CFAM Graduate Student Presents Research
It’s one thing to discuss academic concepts in the classroom. It’s a whole other experience to take that knowledge, form a hypothesis, research it — and present it in front of your peers, faculty and complete strangers.
For some UNO students, that experience is part of a course assignment. For others, it’s a required part of earning a degree.
MaryLee Moulton understands the benefit of preparing her research to share in a formal presentation. The School of Communication graduate student is among hundreds who have taken part in UNO’s Student Research and Creative Activity Fair.
The event features posters, oral presentations and demonstrations by UNO undergraduate, graduate and doctoral students, and post-doctoral fellows. Judges represent industry, nonprofits and the University of Nebraska system. In 2014, the sixth year for the fair, a record 203 students participated.
Moulton prepared a paper she originally wrote for her Rhetorical Theory and Criticism class. Over about six months, she worked with her professor and fellow students to finesse the work into a presentation.
“It’s an interesting process,” she says, “because it really drives home the idea that when you write a paper for class, that’s not the end.
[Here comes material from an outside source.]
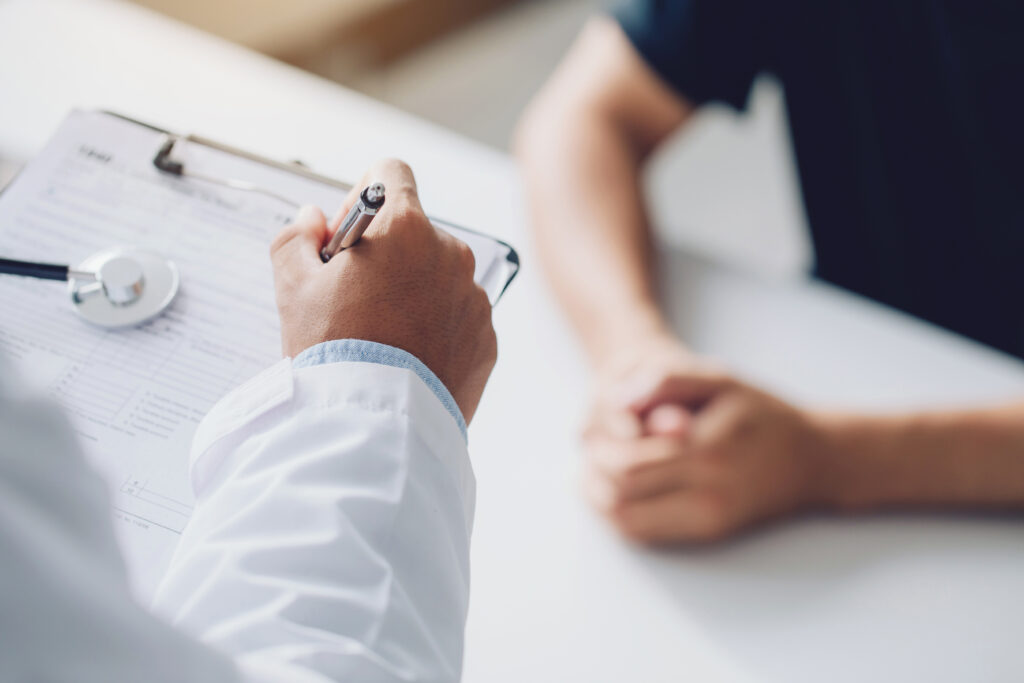 doctor holding test results and consulting patient at desk medic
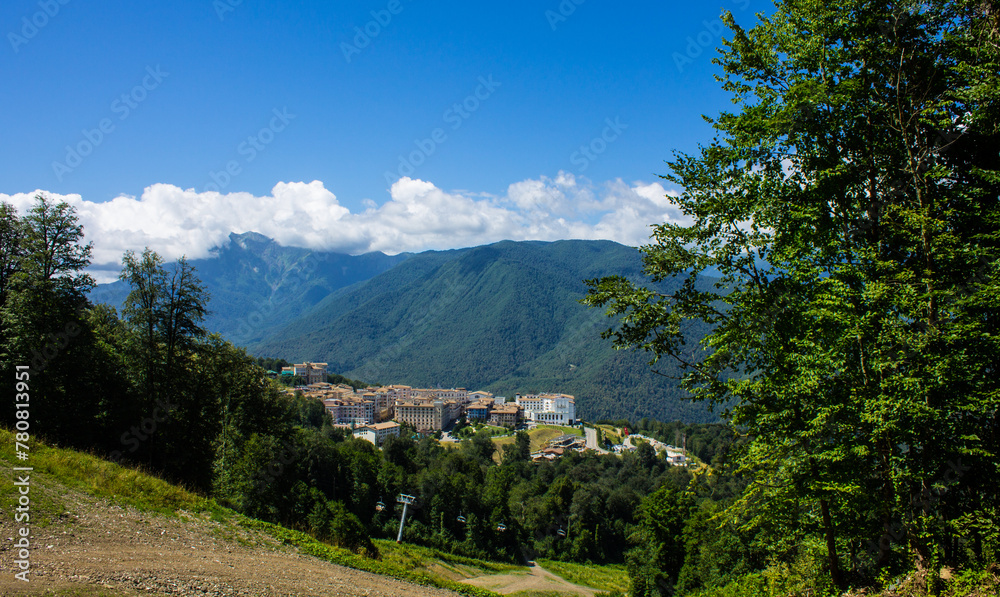 Obraz premium Beautiful panoramic landscape - view of Glade 960 with modern luxury hotels among the green mountains on a sunny summer day in Russia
There will be other rewrites and changes to make the paper stronger.”
Moulton’s paper, “Power Play: The Rhetoric of the NRA After Newtown,” is a rhetorical criticism of ads placed by the National Rifle Association in the wake of the Newtown school shootings.
Her presentation at the Student Research and Creative Activity Fair earned her an Outstanding award in the Graduate Oral Presentation category. It’s the second-highest honor given in her category, a distinction of which Moulton is proud.
She feels the experience of presenting her paper is helping make her advanced studies even more meaningful.
“As a student, you’re in an academic scholarly pursuit and presenting a paper helps you see more broadly the scholarly aspect of getting a graduate degree.”
The experience of presenting will inform what Moulton will choose for her graduate thesis, a topic she’ll start thinking about soon. She’s not yet sure what field she’ll pursue after she graduates next year, but she’s leaning toward social media in the corporate world.